Así mismo, las tradiciones culturales arraigadas en un pueblo, o mejor, en la mayoría de los habitantes de un país, ciudad o comunidad, deben gozar de un tratamiento especial. Por ejemplo, a mi juicio, no es posible que la empresa que organiza el carnaval de Barranquilla deba pagar para llevar a cabo los desfiles y mantener la seguridad, teniendo en cuenta el carácter popular, espontáneo, multitudinario y tradicional de los festejos. Es más, la organización del carnaval debería recaer en la Secretaría de Cultura del distrito, allí sí se vería claro que no se debe pagar nada (¿el distrito pagándole al distrito?). Pero como el distrito es incapaz de hacerse cargo del carnaval, lo delega en una empresa privada o mixta, y entonces el cobro adquiere sentido… Pero es precisamente por la mencionada naturaleza cultural, popular y tradicional del carnaval que los costos que generan los desfiles deben ser asumidos por el Estado, de lo contrario, es por lo menos extraño que todo un patrimonio cultural de la nación colombiana y de la humanidad pague impuestos como cualquier vulgar negocio.

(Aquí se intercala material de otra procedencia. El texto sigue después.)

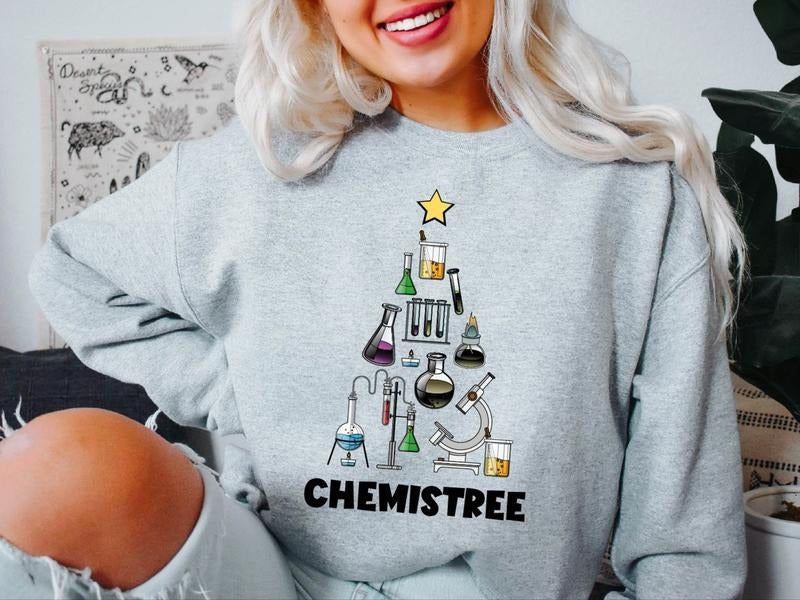 Chemistree Chemistry Teacher Chemical X Mas Party - Adult & Kids T-Shirts, Sweatshirts & Hoodies apparel design preview 1
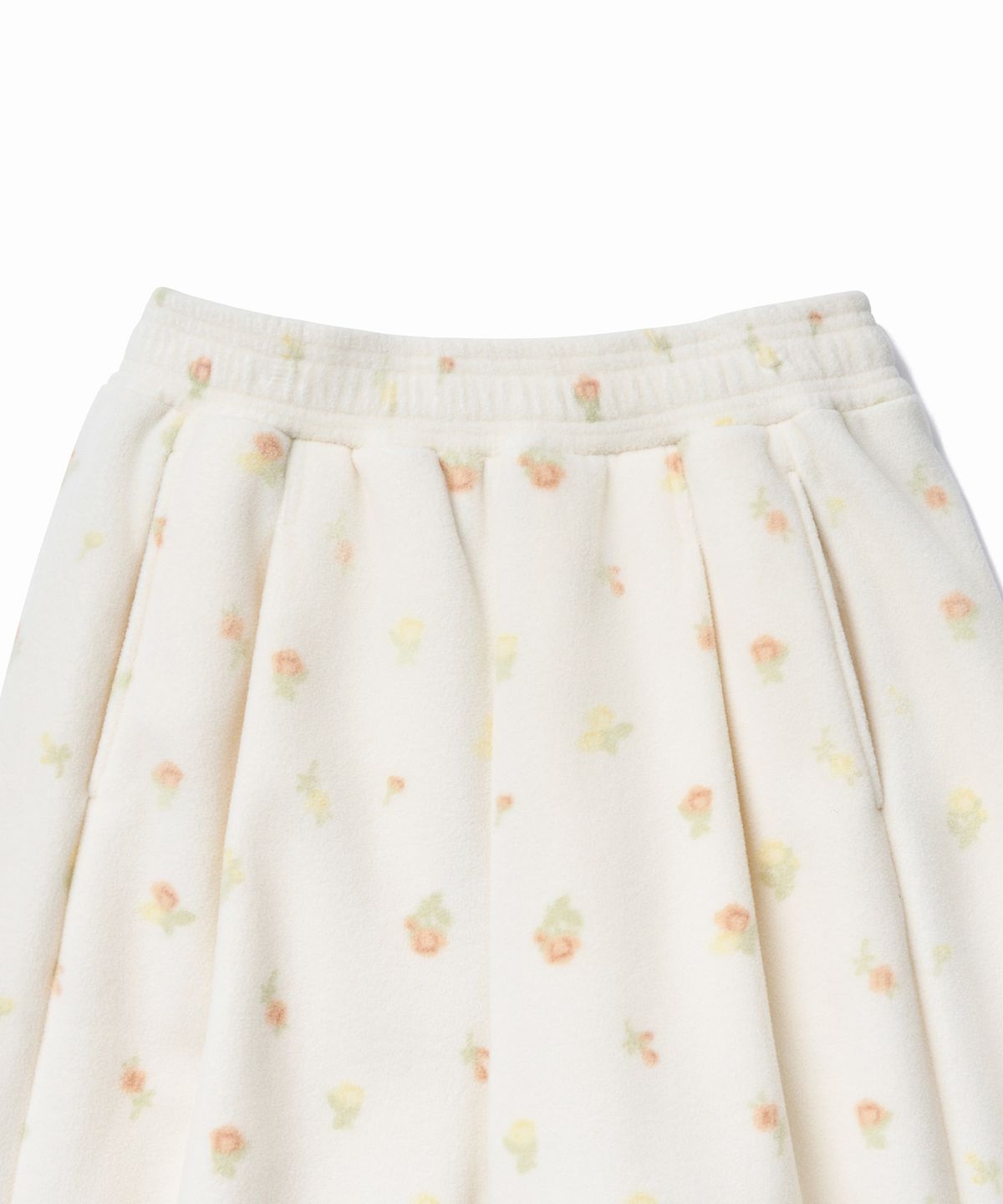튜드먼트(TTUDEMENT) ROSE FLEECE PANTS_IVORY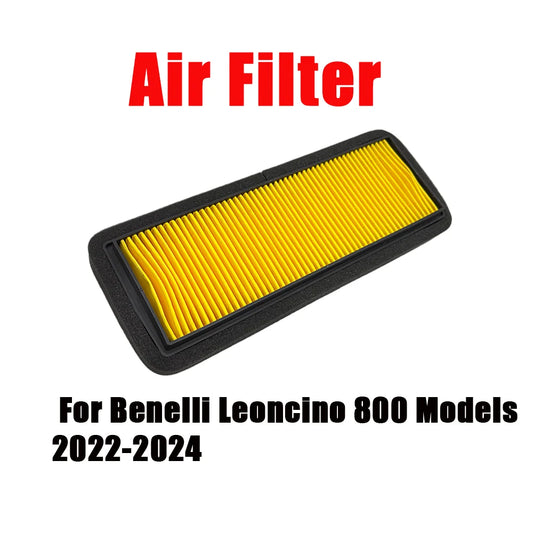 For Benelli Leoncino 800 Models 2022-2024 Motorcycle Accessories Air Filter Parts Intake Cleaner Engine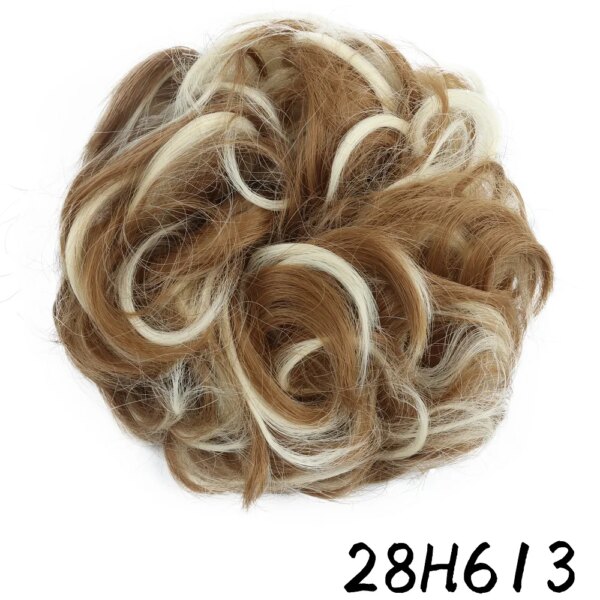 extension cheveux à Chignon, chouchous élastiques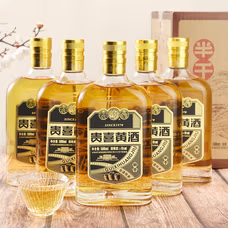 贵喜山西非遗代州黄酒 半干醇香黄酒15度500ml*6瓶装/箱
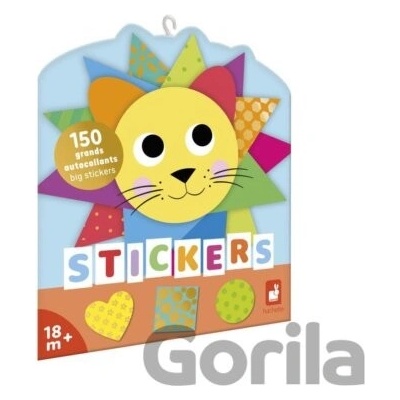 Janod Stickers samolepky pre deti geometrické tvary 150 ks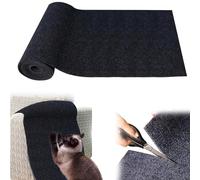 Self-Adhesive Cat Scratching Mat, 40x200cm Anti Scratch Furniture Protector, Furniture Scratch Guard for Sofa Couch Corners, Cat Scratch Training Tape Protection for Doors Furniture (Black)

Análogamente, y por mucha igualdad religiosa consagrada en la Constitución, las pocas procesiones que realiza la Iglesia Católica durante el año deberían gozar no solo de exención de impuestos, sino que deberían ser promovidas y salvaguardadas por el Estado en virtud de su tradición de siglos y la rica carga cultural que arrastran. De hecho es así en ciudades como Popayán o Mompox. A pesar de las críticas a la Iglesia muchas de ellas infundadas, su huella y presencia siguen siendo indelebles en Colombia, así mucha gente ni siquiera sepa que muchas de las cosas que ocurren en este país son producto de la antiquísima tradición católica. Por ejemplo, hasta el momento nadie se ha quejado por los múltiples festivos católicos en Colombia, ni mucho menos se ha propuesto su abolición. O sea, como de no trabajar se trata, nadie invoca la igualdad religiosa o el estado laico. Y como de contera dichos festivos mueven la economía... Pero para ser coherentes, un industrial judío, un mercader mahometano o un pastor evangélico debería pedir en nombre de la igualdad o bien la creación de festivos basados en sus religiones, o la anulación de los festivos consagrados a la Inmaculada Concepción o a la asunción de la Virgen (dogmas de la más rancia entraña católica, totalmente ajenos a y desdeñados por otras religiones), pues como resultado, durante dieciocho días al año se les obliga a no trabajar o vender por cuenta de la desigualdad religiosa, se les impone un paro que les debe ocasionar pérdidas de millonarias. Pero como se trata de holgazanear en el mejor de los casos y de otras cosillas non sanctas más que permite el tiempo libre, es decir, como se favorece el ocio, eso que tanto les agrada, nadie cuestiona uno de los últimos rezagos de la ya casi desaparecida estirpe católica del Estado colombiano. No me cabe la menor duda de que la Iglesia Católica tiene un espacio ganado en Colombia por sus centenarios aportes a la espiritualidad, a la educación, a la cultura, al arte, a la arquitectura, al compromiso social y a la paz de este país, aportes que no puede mostrar ninguna de las 666 religiones falsas que hoy por hoy han infestado a Colombia.

 

P.D. El caso, que merecía una reacción contundente por parte del arzobispo, terminó en un abrazo politiquero con la alcaldesa. Qué falta de carácter se ha enseñoreado de la Iglesia hoy. Pero será una buena oportunidad para que los verdaderos católicos demuestren su compromiso con la Iglesia.